Feds Warn of Disruptive Cyberattacks Against Municipal and Rural Water Systems

In a warning to state governors, the Biden administration has sounded the alarm about the growing threat of cyberattacks targeting the nation’s water systems.

The Environmental Protection Agency (EPA) Administrator Michael Regan and National Security Advisor Jake Sullivan jointly authored a letter emphasizing the potential for these attacks to disrupt the critical supply of clean and safe drinking water, while also imposing significant financial burdens on affected communities.

The letter specifically identifies two key threats: hackers affiliated with the Iranian Government Islamic Revolutionary Guard Corps and a state-sponsored group from the People’s Republic of China known as Volt Typhoon.

The former has been accused of directly attacking drinking water systems, while the latter has compromised the information technology infrastructure of drinking water and other critical systems.

According to the letter, “Federal departments and agencies assess with high confidence that Volt Typhoon actors are pre-positioning themselves to disrupt critical infrastructure operations in the event of geopolitical tensions and/or military conflicts.” This assessment underscores the severity of the threat and the need for immediate action.

The water system in the United States is particularly vulnerable due to a combination of factors, including weak controls, insufficient funding, and staffing shortages.

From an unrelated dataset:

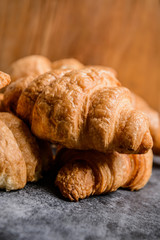Macro picture of croissants on grey table. 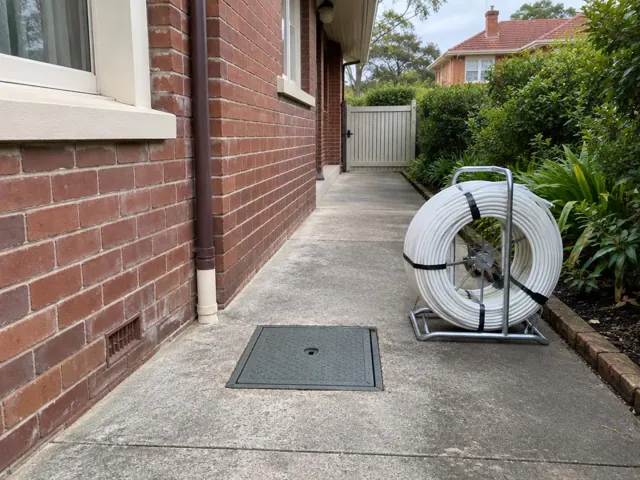 Concrete side path beside a brick house with a flush inspection cover and pipe reel in Lane Cove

As the lead federal agency responsible for ensuring the resilience of the nation’s water sector, the EPA is tasked with addressing these challenges.

The letter also references a recent attack in late November by an Iranian-backed hacking group that targeted Israeli-made digital controls commonly used in the US water and wastewater industries.

As the letter notes, “Drinking water and wastewater systems are an attractive target for cyberattacks because they are a lifeline critical infrastructure sector but often lack the resources and technical capacity to adopt rigorous cybersecurity practices.”

The authors stress that even basic cybersecurity measures, such as resetting default passwords or updating software to address known vulnerabilities, can make a significant difference in preventing disruptive cyberattacks.